Start of MATERIAL SUPPLIED
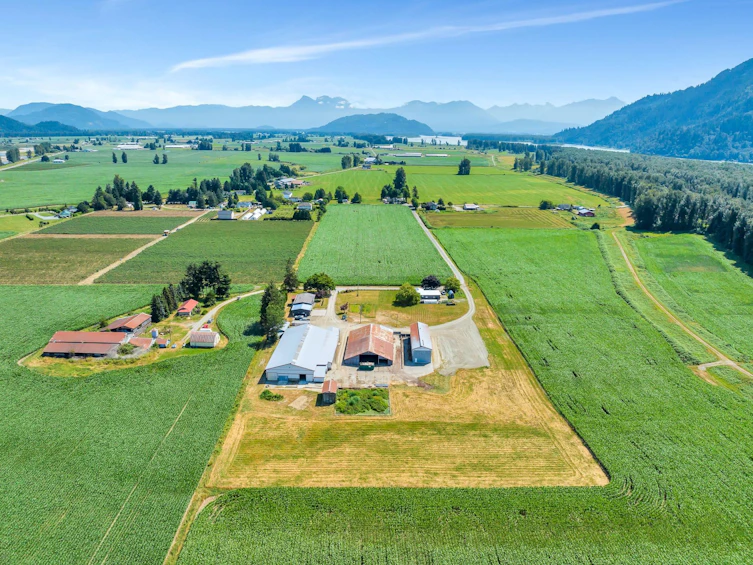 38201 Jones Road, Mission, BC, V0M 1H0 - 3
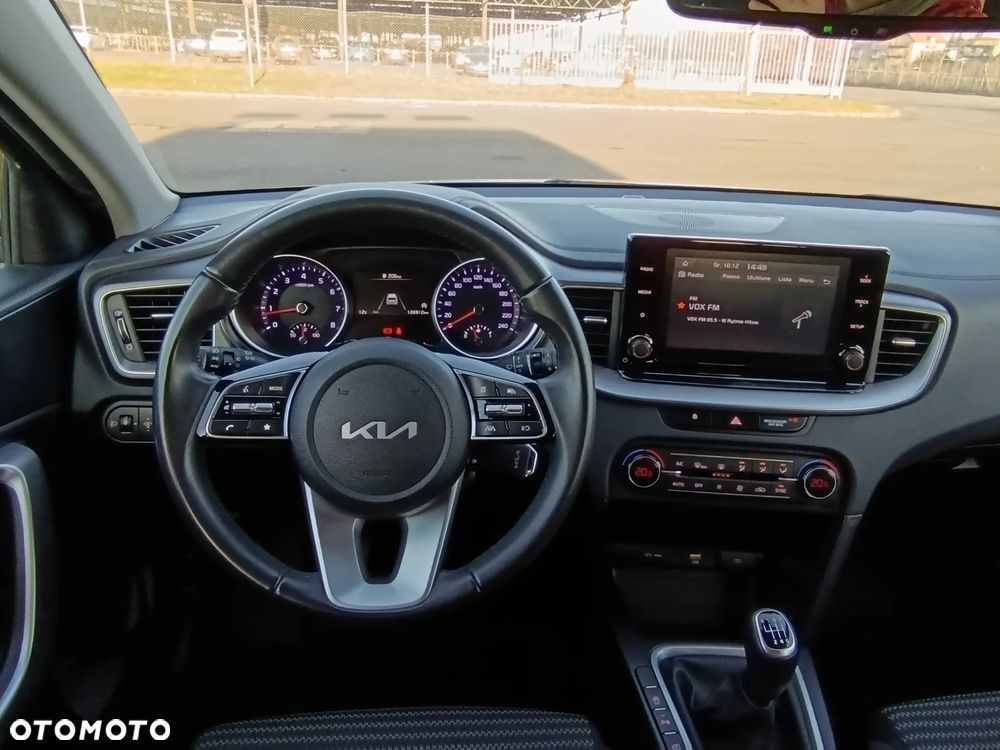 Kia Ceed 1.5 T-GDI M - 33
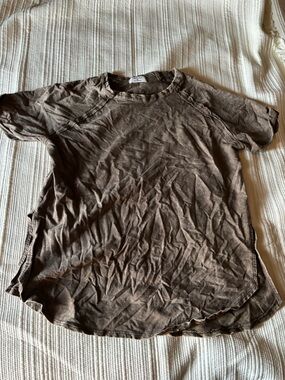 Zenana Outfitters Brown Short Sleeve Crewneck Tee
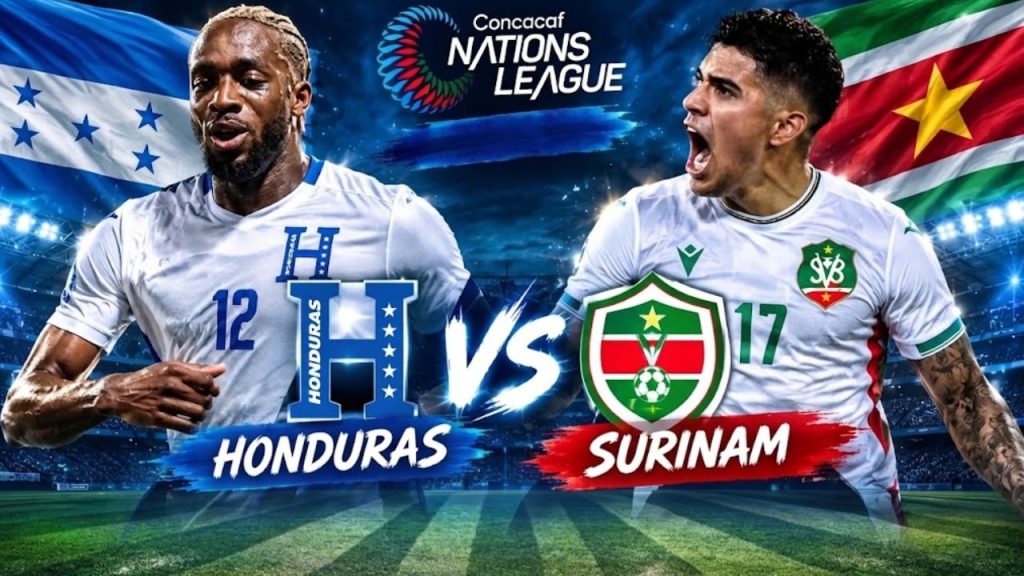 Un jugador de Honduras y otro jugador de Surinam.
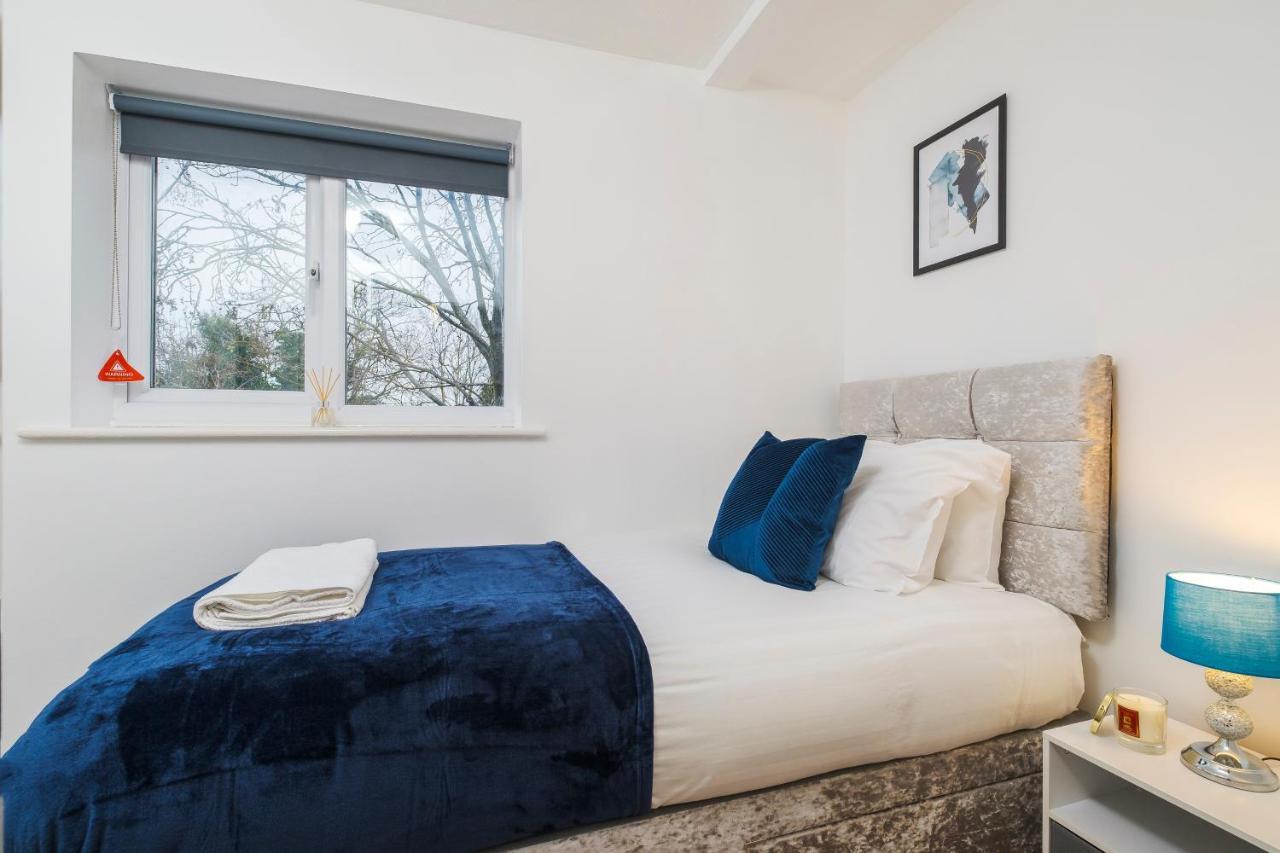 Beautiful 3 Bed House With Amazing Views In Dartford, Kent Exterior foto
End of MATERIAL SUPPLIED
- _PROBLEM DETAILS_: Word for word, print every record, and leave out any picture.

- _RESPONSE TO THIS EXERCISE_:
 38201 Jones Road, Mission, BC, V0M 1H0 - 3
 Kia Ceed 1.5 T-GDI M - 33
 Zenana Outfitters Brown Short Sleeve Crewneck Tee
 Un jugador de Honduras y otro jugador de Surinam.
 Beautiful 3 Bed House With Amazing Views In Dartford, Kent Exterior foto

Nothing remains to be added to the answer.